A horrible man in uniform looked at her hatefully, with piercing, hollow, black eyes in a fallen-away face. He said:

“I must see that fellow Tietjens; you’re not Tietjens!” As if she were defrauding him. “It’s urgent,” he said. “About a sonnet. I was dismissed the Army yesterday. His doing. And Campion’s. His wife’s lover!”

She said fiercely:

“He’s engaged. You can’t see him. If you want to see him you must wait!” She felt horror that Tietjens should ever have had to do with such a brute beast. He was unshaven; black. And filled with hatred. He raised his voice to say:

“I’m McKechnie. Captain McKechnie of the Ninth. Vice-Chancellor’s Latin Prizeman! One of the Old Pals!” He added: “Tietjens forced himself in on the Old Pals!”

She felt the contempt of the scholar’s daughter for the Prizeman; she felt that Apollo with Admetus was as nothing for sheer disgust compared with Tietjens buried in a band of such beings.

She said:

“It is not necessary to shout. You can come in and wait.”

At all costs Tietjens must finish his conversation with her mother undisturbed. She led this fellow round the corner of the hall. A sort of wireless emanation seemed to connect her with the upper conversation. She was aware of it going on, through the wall above, diagonally; then through the ceiling in perpendicular waves. It seemed to work inside her head, her end of it, like waves, churning her mind.

She opened the shutters of the empty room round the corner, on the right.
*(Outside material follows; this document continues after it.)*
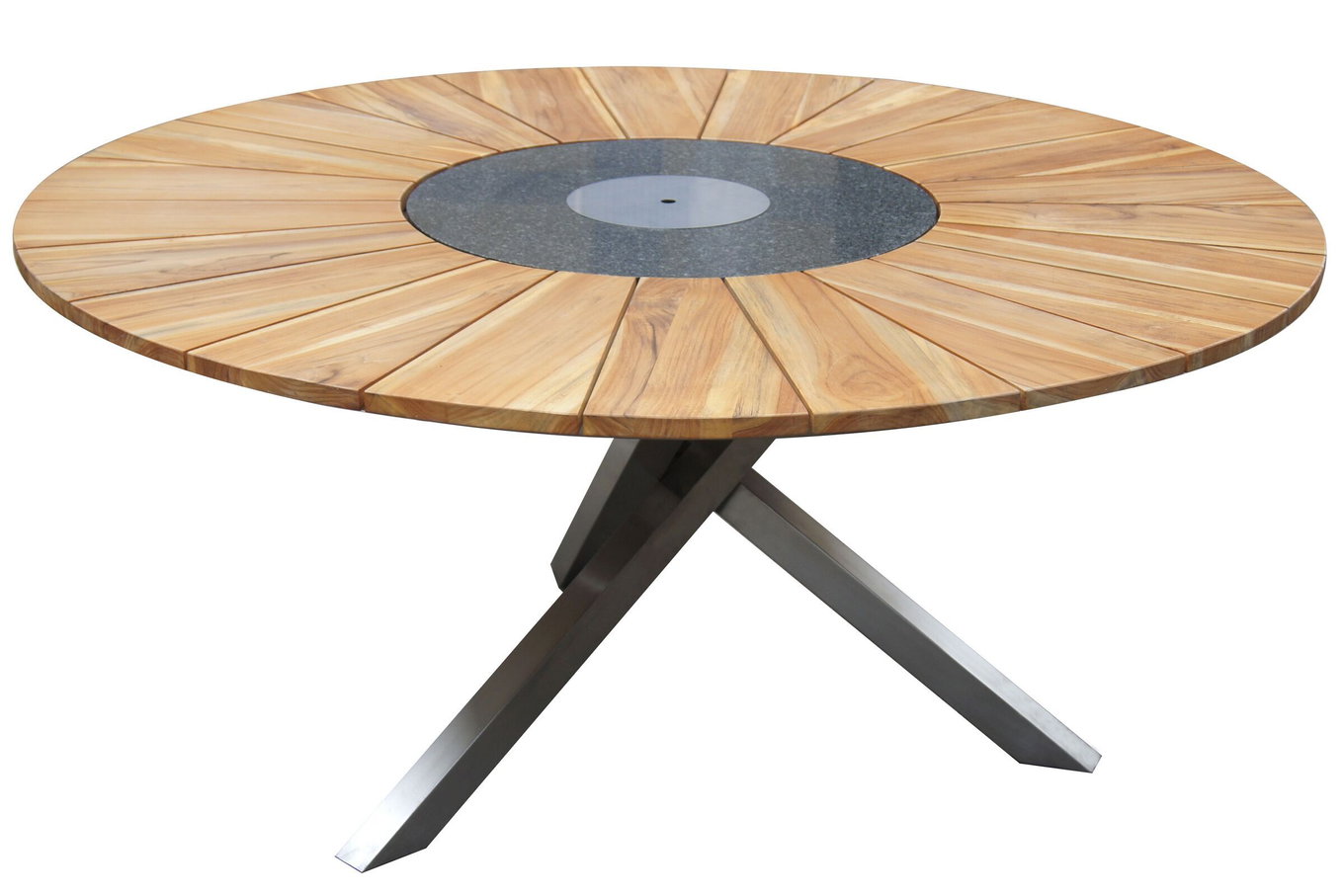OUTFLEXX Table à manger, acier inoxydable/bois de teck, Ø 170cm, avec plateau de granit rotatif et glacière, produit certifié FSC® 16027__1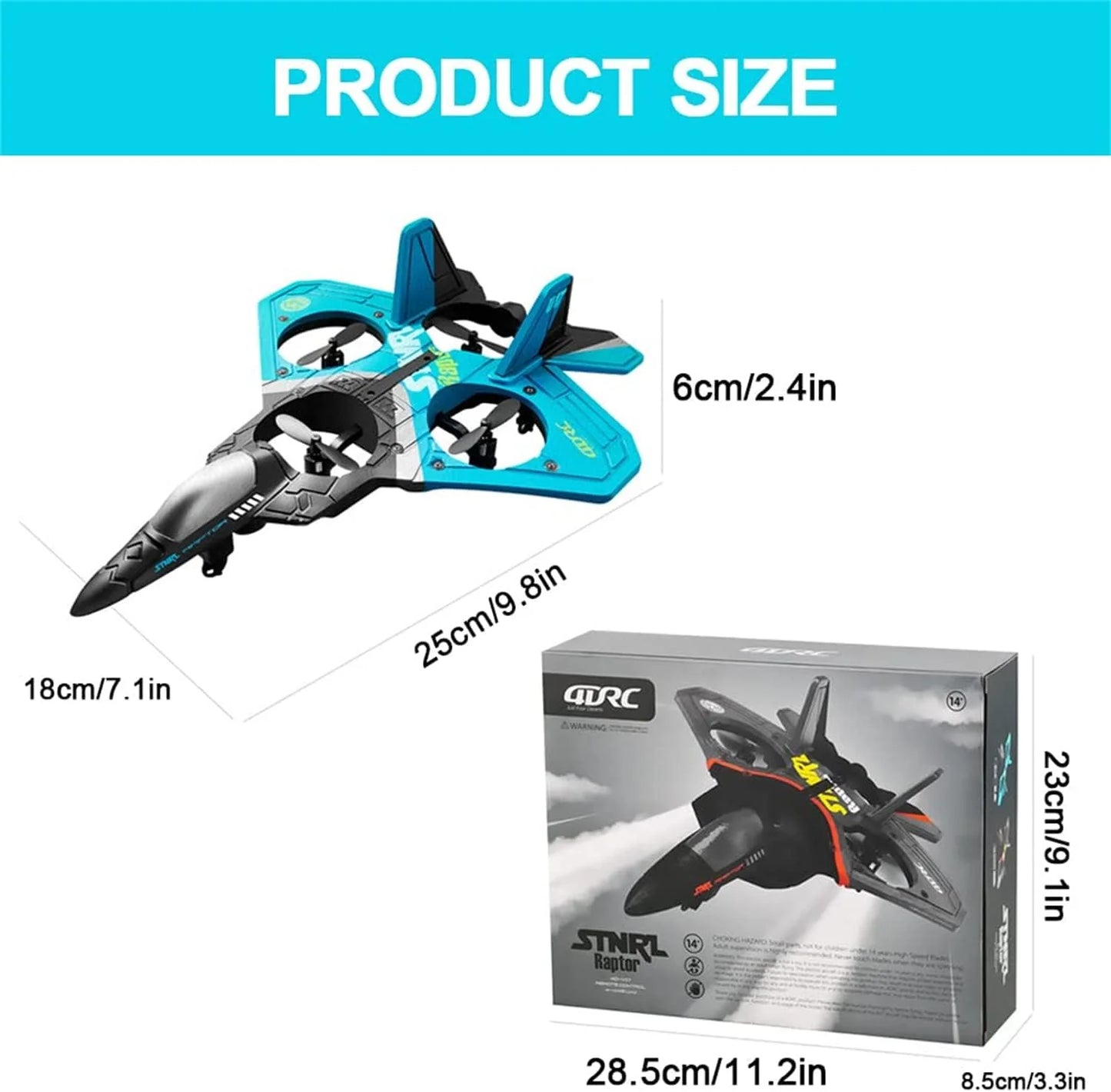 RC Jet Fighter | 2.4GHz, 360° Stunt Spin Remote & Light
She did not wish to be alone in the dark with this hating man. She did not dare to go up and warn Tietjens. At all costs he must not be disturbed. It was not fair to call what her mother was doing, cunning. It was instinct, set in her breast by the Almighty, as the saying is…. Still, it was early-Victorian instinct! Tremendously cunning in itself.

The hateful man was grumbling:

“He’s been sold up, I see. That’s what comes of selling your wife to Generals. To get promotion. They’re a cunning lot. But he overreached himself. Campion went back on him. But Campion, too, overreached himself….”
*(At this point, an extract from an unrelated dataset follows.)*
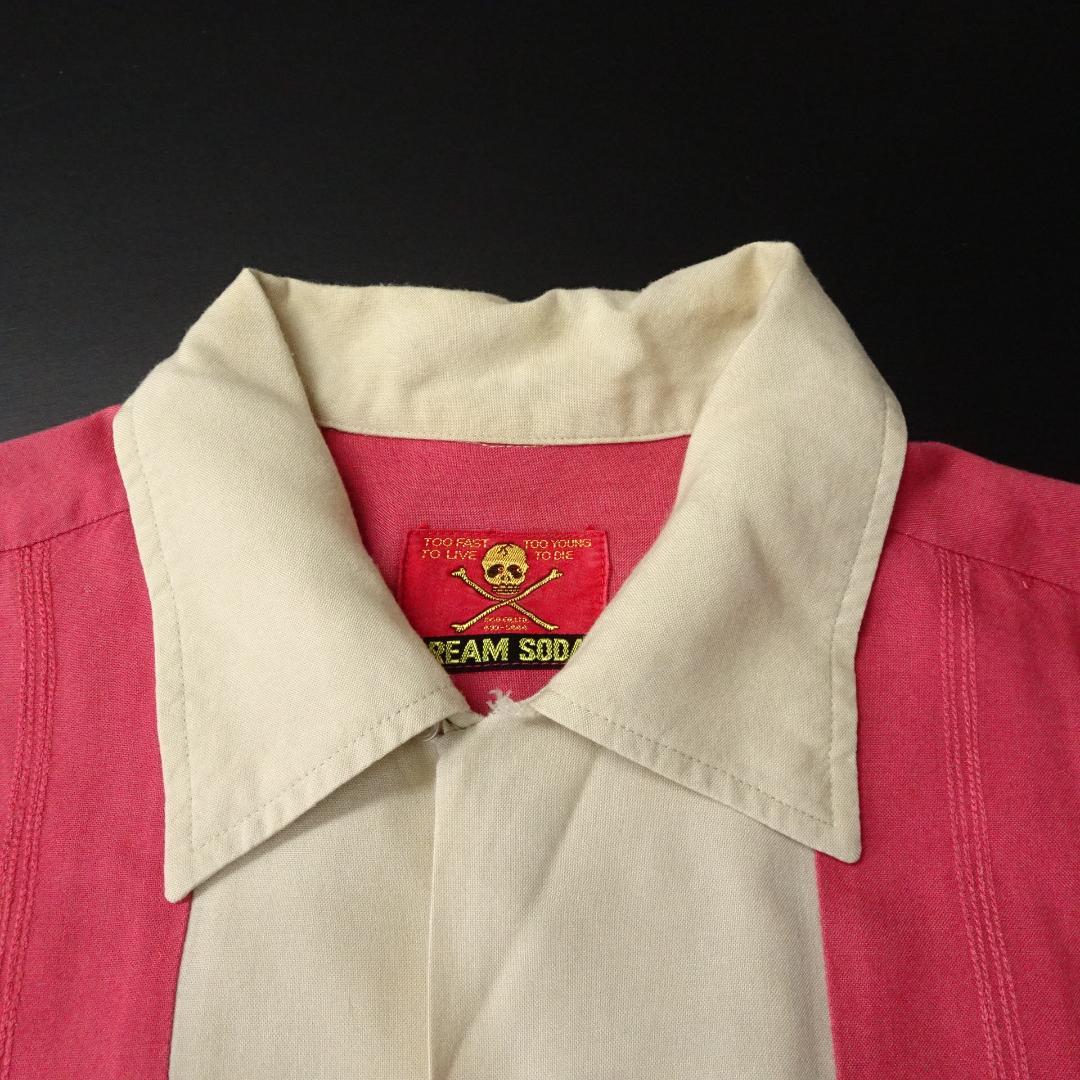 80s- CREAM SODA 半袖ボーリングシャツ 金タグ 刺繍 希少アイテム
She was looking out of the window, across the green square. Light was an agreeable thing. You could breathe more deeply when it was light…. Early Victorian instinct!… The Mid-Victorians had had to loosen the bonds. Her mother, to be in the van of Mid-Victorian thought, had had to allow virtue to “irregular unions.” As long as they were high-minded. But the high-minded do not consummate irregular unions. So all her books had showed you high-minded creatures contracting irregular unions of the mind or of sympathy; but never carrying them to the necessary conclusion. They would have been ethically at liberty to, but they didn’t. They ran with the ethical hare, but hunted with the ecclesiastical hounds…. Still, of course, she could not go back on her premises just because it was her own daughter!